One kind of knowledge is knowledge of the physical universe. This is knowledge that we can obtain through our five senses and the measuring equipment that has been devised. This is the only kind of knowledge that materialist reductionists admit into evidence.
Then there is experiential knowledge not measurable or obtained through five senses. This category includes the knowledge of the self as a conscious being, and spiritual experiences, such as the experience of John Wesley when he felt that his heart was strangely warmed.
Then there are inferences or conclusions that we develop from knowledge. The theory of evolution is an inference developed from studies of fossils, of animals in the Galapagos Islands, etc. Whether that theory can continue satisfactorily to explain new facts coming from the fossil record and from the study of life at the cellular level remains to be seen.

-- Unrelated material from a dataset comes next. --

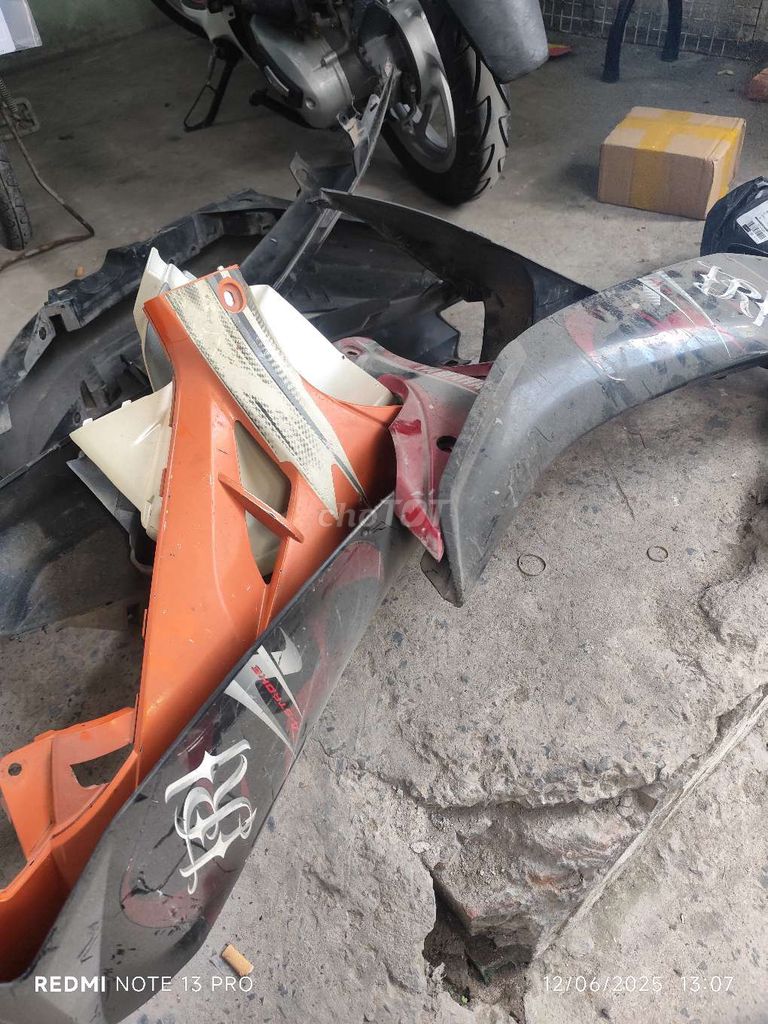 Thanh lý nhanh bộ áo sirius tháo xe. Mua bán Phụ tùng xe tại Huyện Bình Chánh Tp Hồ Chí Minh được đăng bởi Thanh Quyền hình 2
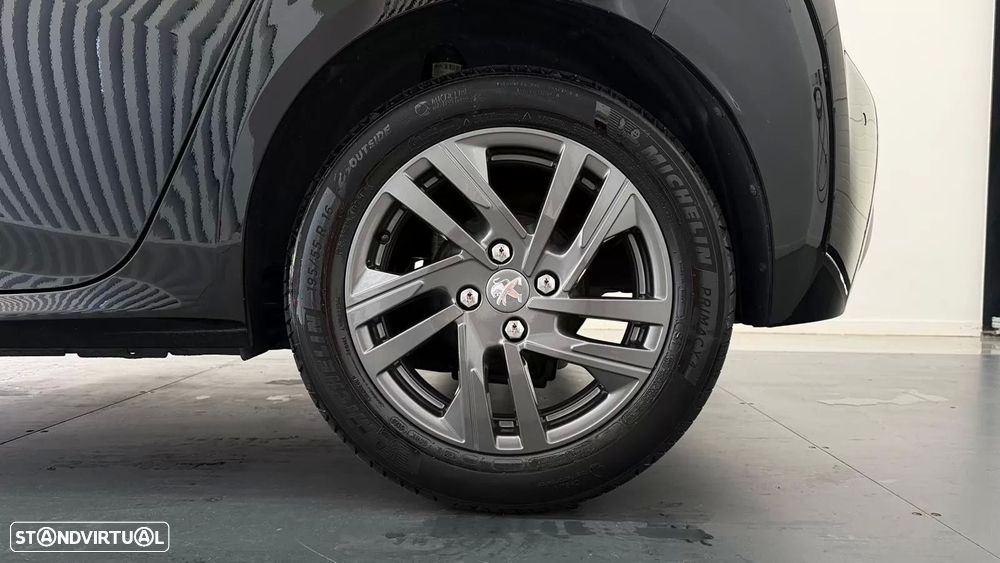 Peugeot 208 1.2 PureTech Active Pack - 26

The rational part of my faith is an inference from a combination of material evidence and nonmaterial experiential evidence. Though materialists rule nonmaterial experiential evidence out of bounds, I rule it as fully in bounds, and I condemn them for their arrogance and willful ignorance in refusing to admit into evidence such universally acknowledged experiential facts as the existence of human consciousness.
Leonard D. writes:
“I was hoping for a good definition of faith and an explanation of why reason is incomplete on its own and needs to be supplemented with faith”

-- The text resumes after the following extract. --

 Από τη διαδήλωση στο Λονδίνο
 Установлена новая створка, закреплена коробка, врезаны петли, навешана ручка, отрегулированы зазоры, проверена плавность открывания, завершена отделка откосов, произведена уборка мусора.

Reason is incomplete (in one sense) because one of its most powerful methods, induction, is not logically sound. Induction is the process of generalizing from specific instances to general laws. Wikipedia has a tolerably good article on this, as a start. Of course we all use induction, all the time; it is part of our common sense. But that observation just moves the problem.
Ultimately, to believe almost anything beyond “I am”, you must rely on some belief in something unprovable, i.e., that the universe has laws which hold over all space and all time. This may seem obvious (as with any common sense), but can you prove that, say, the law of gravity will hold tomorrow? You cannot. You can merely state that the law of gravity has always held in all the cases we have observed in the past.
LA replies:
Leonard’s point also backs up a point made, I think, by Alan Roebuck: that the very premises on which science is based are not themselves provable by science, and that science depends on non-falsiable assumptions. Therefore the attempt some have made to exclude from knowledge all non-falsiable assertions is false.
John B. writes:
From Nietzsche’s On the Genealogy of Morals, “Third Essay: What is the Meaning of Ascetic Ideals?” Section 24, translation by Walter Kaufmann:
Strictly speaking, there is no such thing as science “without any presuppositions”; this thought does not bear thinking through, it is paralogical: a philosophy, a “faith,” must always be there first of all, so that science can acquire from it a direction, a meaning, a limit, a method, a right to exist. (Whoever has the opposite notion, whoever tries, for example, to place philosophy “on a strictly scientific basis,” first needs to stand not only philosophy but truth itself on its head—the grossest violation of decency possible in relation to two such venerable females!) There is no doubt of it—and here I cite the fifth book of my Gay Science (section 344):
“The truthful man, in the audacious and ultimate sense presupposed by the faith in science, thereby affirms another world than that of life, nature, and history; and insofar as he affirms this ‘other world,’ does this not mean that he has to deny its antithesis, this world, our world? … It is still a metaphysical faith that underlies our faith in science—and we men of knowledge of today, we godless men and anti-metaphysicians, we, too, still derive our flame from the fire ignited by a faith millennia old, the Christian faith, which was also Plato’s, that God is truth, that truth is divine.”
Kristor writes:
As it happens, I addressed just this question in my sally over at Secular Right earlier this year, replying to commenter The Kat. It works pretty well if you substitute “faith” for “belief”:
The Kat: You say that “it is not possible to make a rational argument for belief in God, because reason and faith-based belief are fundamentally incompatible.” But “faith-based belief” is just a way of writing “belief-based belief.” What you’ve written, then, is, “reason and belief are fundamentally incompatible.” But if this were true, you couldn’t perform the act of believing something you had logically demonstrated to be true.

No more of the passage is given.